#### Data provided

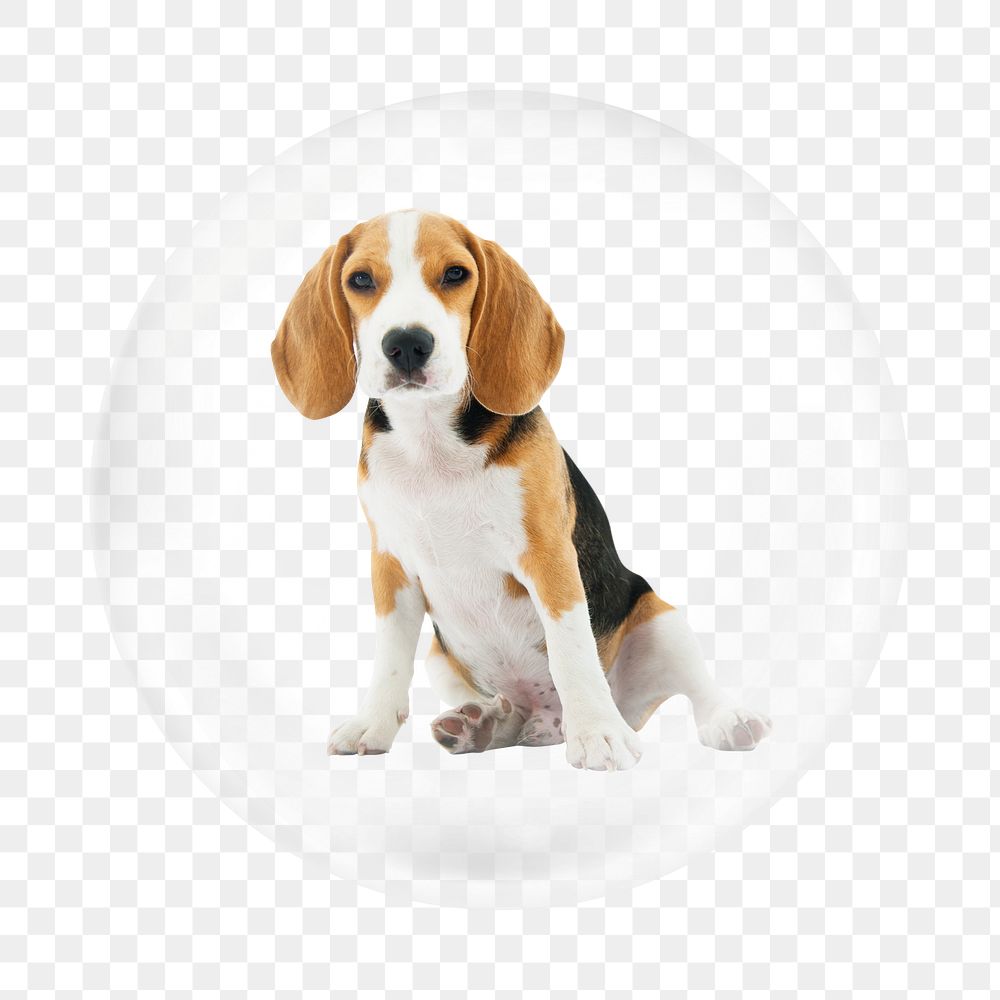 Beagle dog png element, animal in bubble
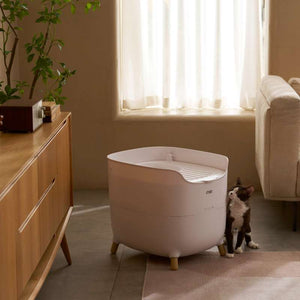 MS Modern & Spacious Top - Entry Cat Litter Box | Higooga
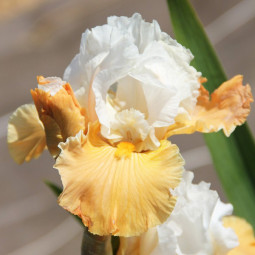 Ірис Germanica (Бородатий) Apricot Frosty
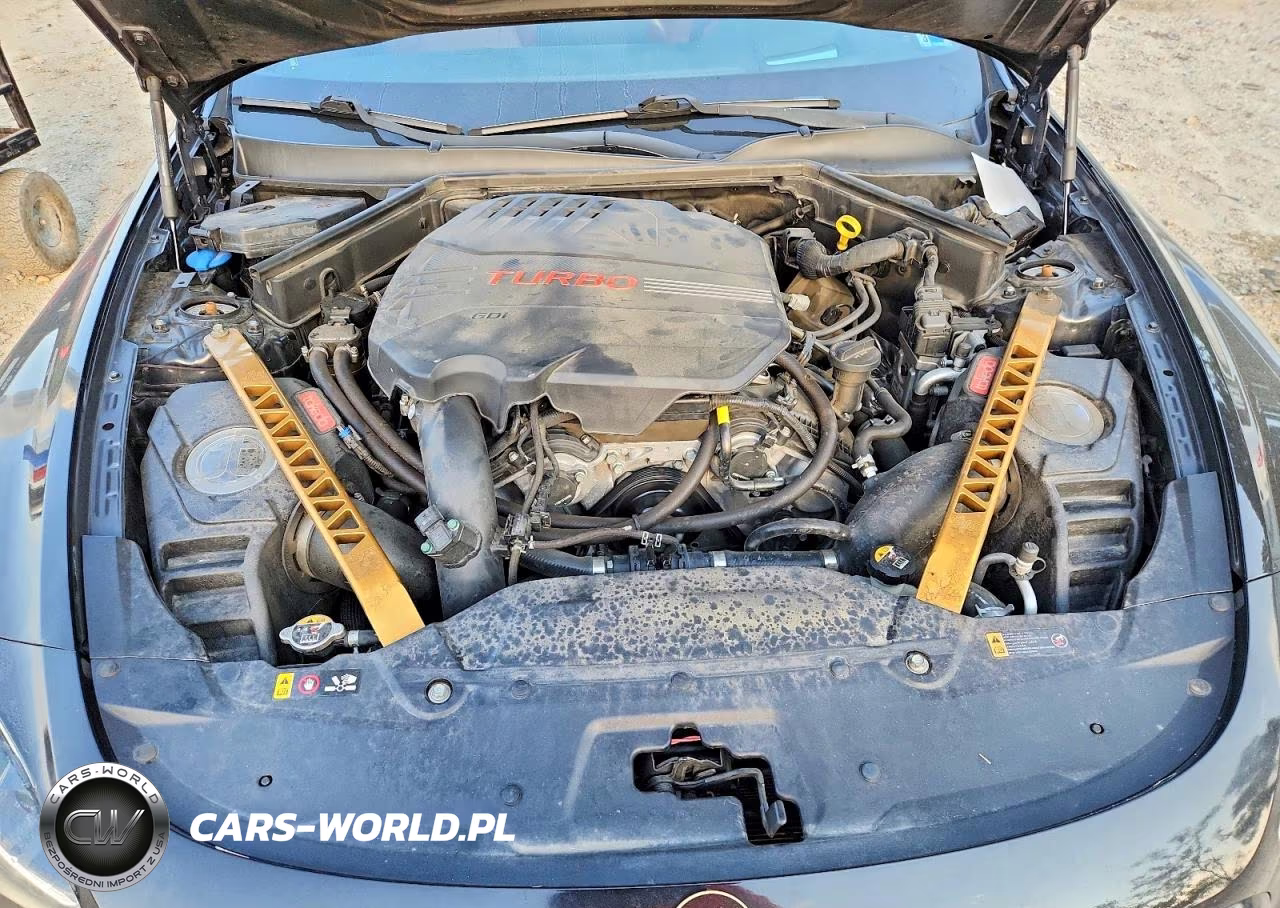 2019 Kia Stinger Gt2 VIN:KNAE55LC7K6052751 - 11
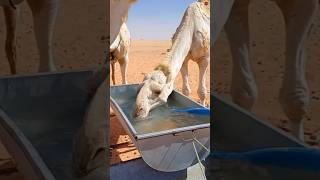Why Leaving Water in Deserts Can Be Dangerous! 😱 #facts #ytshorts #trending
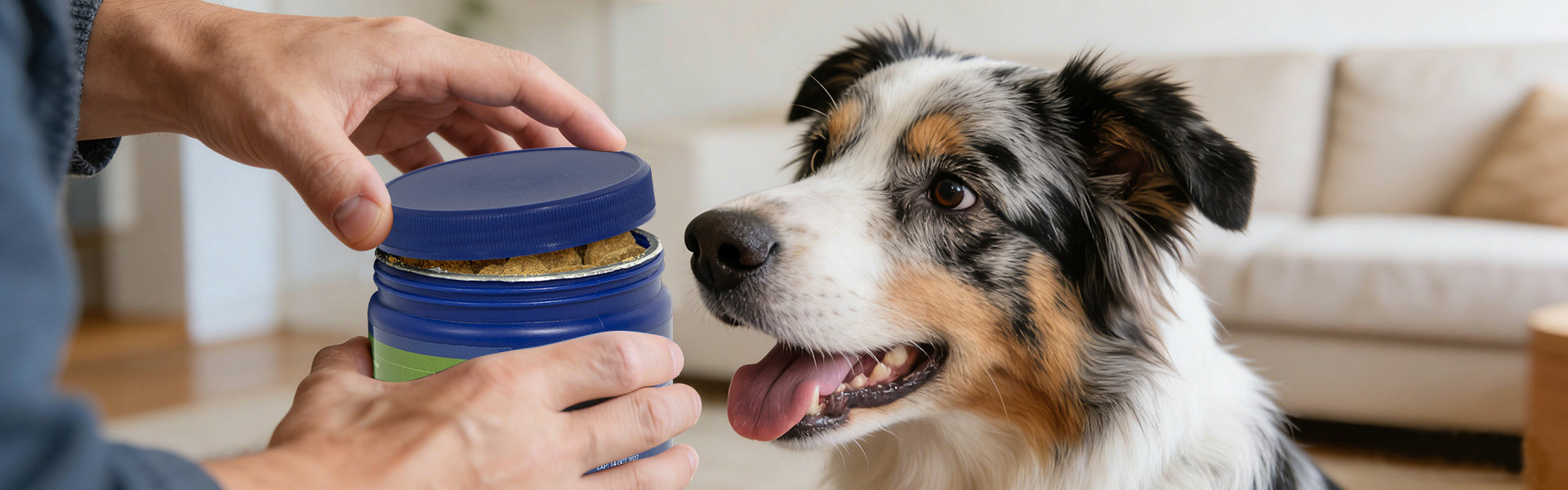 Dog looking at Xiderdl Calming Chews for Dogs during a daily at-home routine, highlighting use after meals, before travel, or ahead of stressful moments.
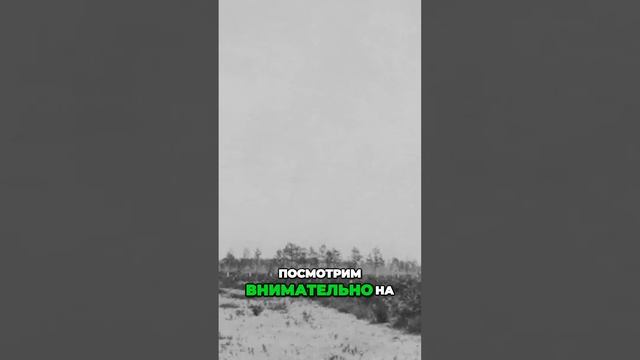 Тайное сообщество Теслы и Тунгусский инцидент смотреть онлайн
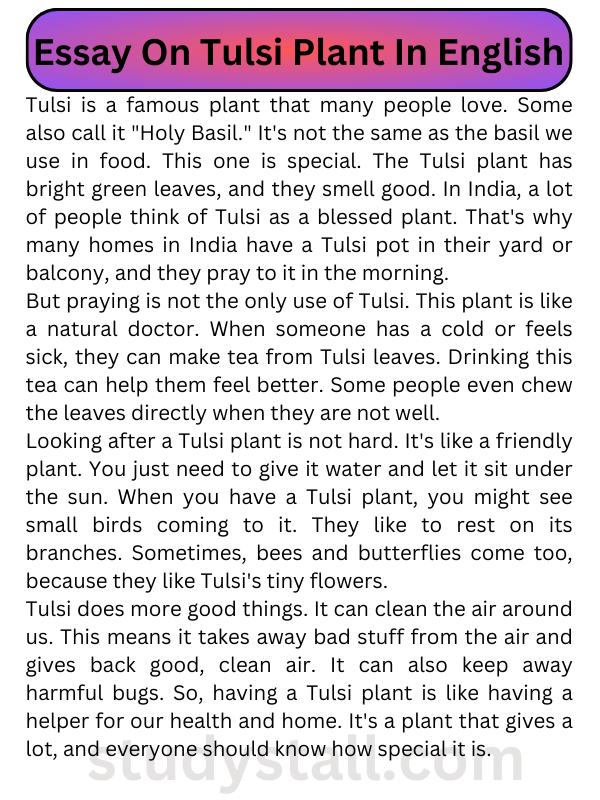 Essay On Tulsi Plant  In English 250 Words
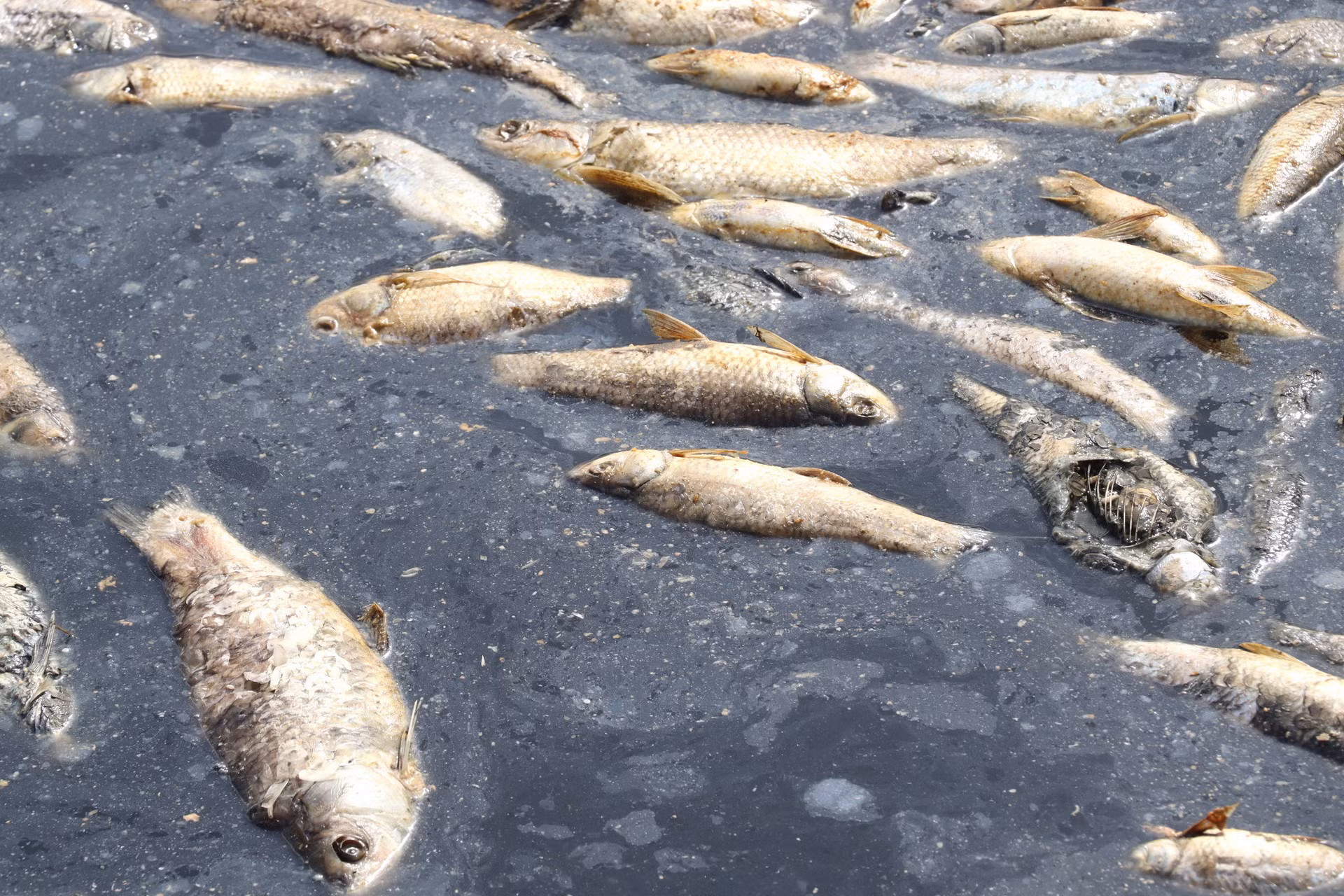 Cá hồ Sông Mây chết diễn ra từ nhiều ngày qua.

########

■ Exercise requirements
In the listing above, find the line containing "Essay On Tulsi Plant  In English 250 Words" and restate it and every later line verbatim, with the pictures left out.

■ Exercise output
 Essay On Tulsi Plant  In English 250 Words
 Cá hồ Sông Mây chết diễn ra từ nhiều ngày qua.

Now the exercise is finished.